§ COLLECTED MATERIAL
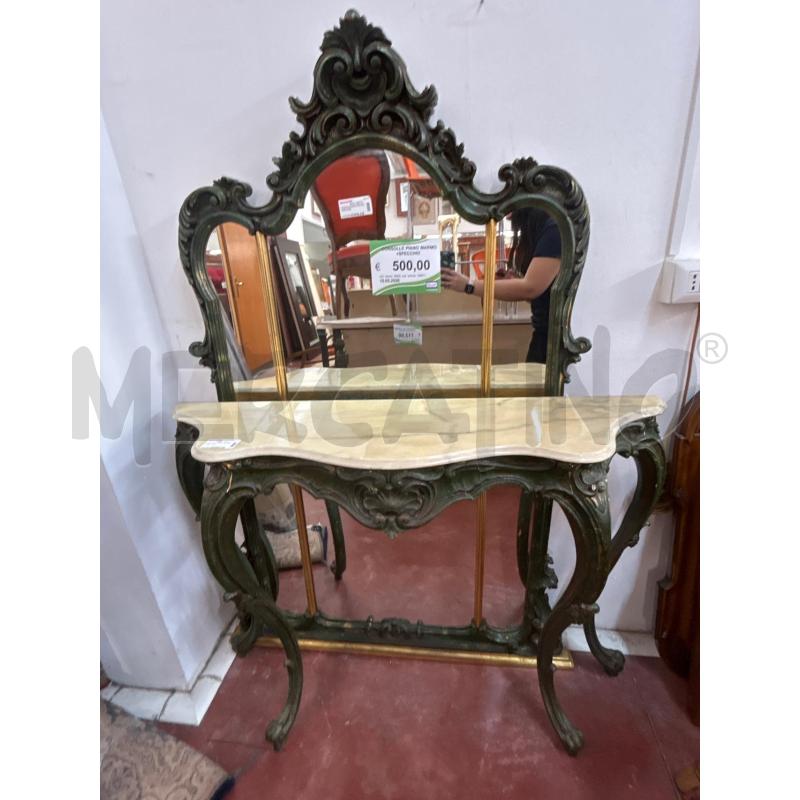 CONSOLLE PIANO MARMO +SPECCHIO  | Mercatino dell'Usato Roma rebibbia 1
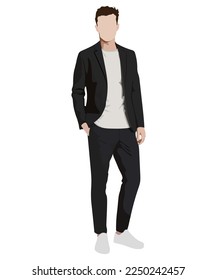 A man in a business suit on a white background. Vector illustration in flat style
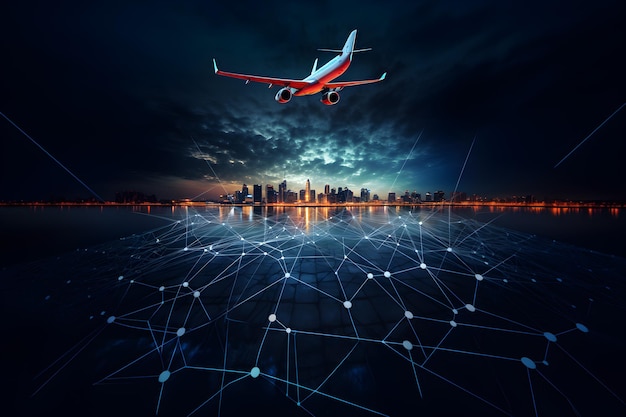 Tecnologia di comunicazione moderna del settore dei trasporti aerei IA generativa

§ YOUR TASK
Would you provide an exact, picture-free copy of the data above?

§ EXERCISE OUTPUT
 CONSOLLE PIANO MARMO +SPECCHIO  | Mercatino dell'Usato Roma rebibbia 1
 A man in a business suit on a white background. Vector illustration in flat style
 Tecnologia di comunicazione moderna del settore dei trasporti aerei IA generativa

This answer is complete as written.